Using Rosie from Python

Last updated on 19 Apr 2018

For some time, Rosie has had a Python module, but it was undocumented. Until now, you had to read the code to understand how to use it. In this post, we’ll look at rosie.py, which exposes the Rosie Pattern Language functionality to Python programmers.

Install with pip

The easiest way to install Rosie for use with Python is simply:

pip install rosie

Then, from within your Python program, you only need to import the rosie package to get started:

import rosie

As of this writing (April, 2018), you will get the latest beta version. The installation consists mainly of librosie, rosie.py, and the standard library of rpl patterns. If there is a wheel for your platform, the install will run quickly, simply copying a few files. If not, then pip will download the source distribution and build librosie, which requires cc/gcc and make.

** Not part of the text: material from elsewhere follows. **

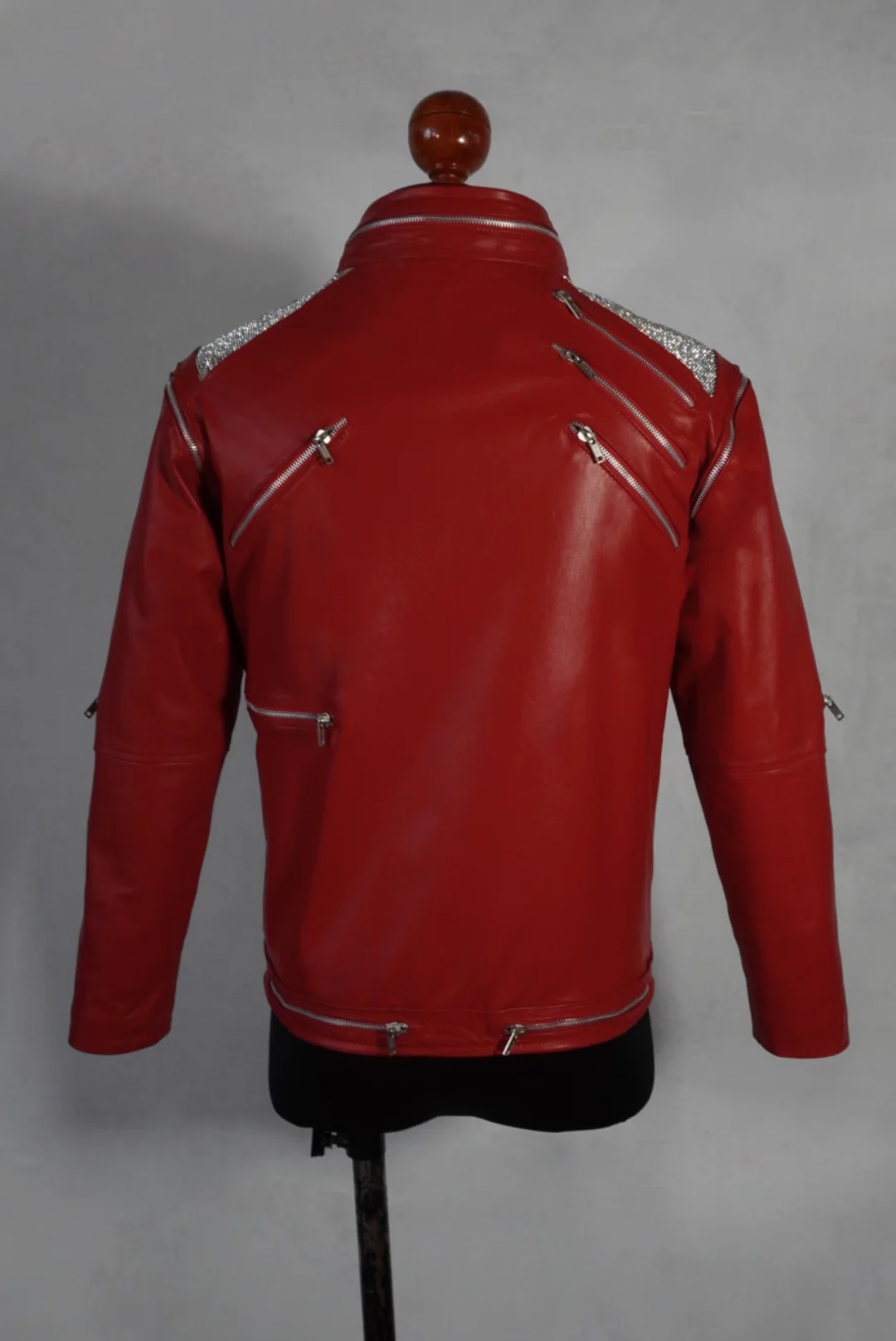 Beat it red - Image 5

This installation method puts a private copy of Rosie wherever your Python modules are stored. As a result, pip uninstall rosie will remove all traces of the installation.

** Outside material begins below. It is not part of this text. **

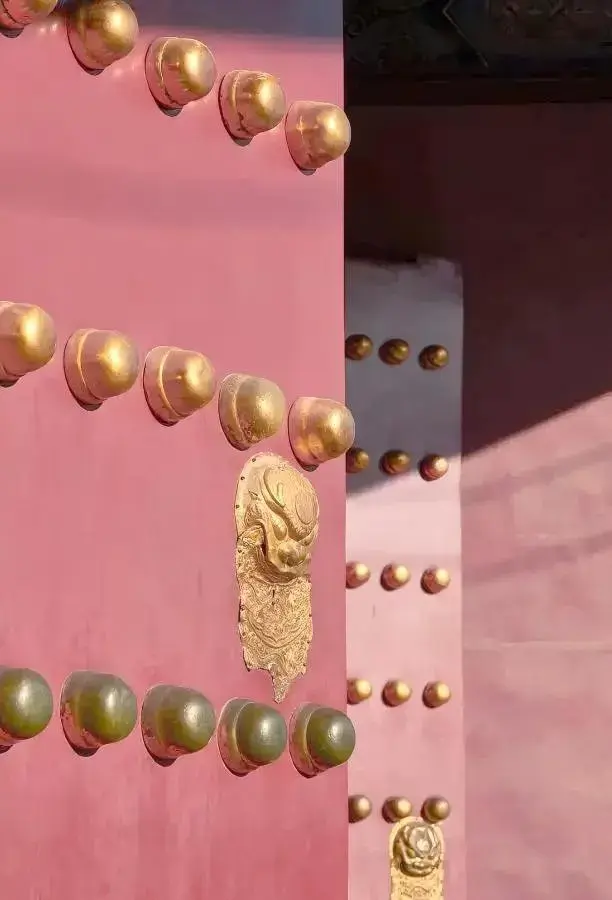 古建门上的门环与门钉，藏着多少你不知道的讲究？ - 知乎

If you already have Rosie installed, you will now have two independent installations. However, you can call rosie.load(path) at the start of your Python program to load the librosie that you have already installed (e.g. in /usr/local). Using rosie.load() is optional; without it, your Python code will use the Rosie installation in your Python directory.

Programming model

The programming model for using Rosie is similar to PCRE, RE2, and other pattern matching libraries. Roughly speaking, the steps are:

Create a matching engine
Optionally load some pattern definitions into the engine
Compile a pattern
Use the compiled pattern to match against input data

Here’s an example (without any error checking):

# matchall.py
from __future__ import print_function
import rosie, sys
e = rosie.engine()
e.import_pkg('all')
pat, errs = e.compile('all.things')
print(e.match(pat, sys.argv[1], 1, 'color')[0])

$ python matchall.py 'Today is April 14, 2018.  IP 1.2.3.4; 1 mole = 6.02e23; www.ibm.com/a/b/c'
Today is April 14, 2018.  IP 1.2.3.4; 1 mole = 6.02e23; www.ibm.com/a/b/c
$

Engines

In the example, rosie.engine() creates a matching engine. You can create as many engines as you want or need. (They will be garbage collected when they are no longer accessible.)

An engine’s state includes a set of pattern definitions that have been loaded. When you make a new engine, it has only a limited set of built-in patterns.

Components of an engine’s state:

Name	Description	Sample value
Environment	Patterns loaded (available for use)	`$`, `num.int`, `net.ipv4`
Library path	List of directories to search when importing	`/usr/local/lib/rosie/rpl:~/rpl`
Colors	Map from pattern names to colors for colorized output	`foo=green;bold`

Examining and setting the environment

`librosie` can tell you what patterns are loaded, but this API is not yet in `rosie.py`.

New pattern definitions are added to the environment of an engine using the load and import_pkg functions (see below).

Examining and setting the library path

The method e.libpath() returns the current library path. When called with a string argument, it sets the library path.

The full configuration of an engine, including the library path, can be obtained via e.config(), which returns a JSON encoding of two lists of configuration objects. The first list are settings of the Rosie installation, and the second list are settings of this particular engine.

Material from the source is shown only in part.